Mais le principal négociant de la ville dans l'époque révolutionnaire, semble devoir être Marchais-Laberge, le fils aîné du maire de l'Ancien Régime (1758-1833) : dans les moments les plus critiques de la crise des subsistances, c'est à lui que les responsables révolutionnaires ont recours, et en prairial an II, au plus fort de la Terreur, le représentant en mission Romme le fait entrer à la mairie comme notable, en même temps qu'un simple cordonnier.

L'un des effets de l'inflation et du dérangement économique général sous la Révolution, sera de bouleverser la hiérarchie des revenus et des bénéfices. Certains négociants, avantagés par leurs chiffres d'affaires, passeront devant les propriétaires fonciers dont les loyers et les baux à ferme prenaient du retard par rapport au coùt de la vie. Cette évolution des revenus et des bénéfices a ses répercussions sur les emprunts forcés payés par les riches : alors que celui de septembre 1793 semble frapper en tête les propriétaires de biens-fonds, l'emprunt forcé de frimaire an IV (décembre 1795), au paroxysme de l'inflation et deux mois avant l'arrêt de l'émission de l'assignat, qui prévoyait seize classes d'imposables, place toute à fait en haut, au taux le plus élevé : Laberge père, négociant (il ne peut s'agir que de Marchais-Laberge), pour une somme de 4 000 livres en numéraire ou 400 000 en assignats, et derrière lui trois autres imposés dont un maître de poste pour 1 500 livres ou 150 000 et le député Maulde de l'Oisellerie pour les mêmes chiffres... et immédiatement après, dans la deuxième classe des plus imposés, Jean Sazerac pour 1 200 livres ou 120 000... Ainsi pour un temps, les agents du monde économique, à cause de leurs liquidités, pouvaient rejoindre dans l'échelle des impositions les gros propriétaires fonciers. Il s'agissait, il est vrai, de taxes révolutionnaires assez mal et injustement réparties (surtout le second emprunt forcé) ne présentant pas la fiabilité de la contribution foncière.

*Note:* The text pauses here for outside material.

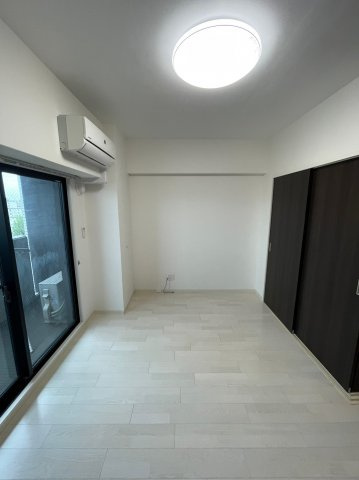 仲介手数料0円！！S-FORT北千種の居間・リビング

Une profession du monde des affaires, absente d'Angoulême en 1789 et pendant la Révolution, celle de banquier, comme si l'affaire de 1769 avait porté un coup fatal à cette activité, il est vrai encore mal organisée en dehors des grandes villes, se présentant comme un prolongement du négoce lui-même. Cette absence signifiait aussi que le prêt privé était à peu près le seul à être pratiqué et il faut aller aux inventaires après décès pour le découvrir, caché au sein des familles.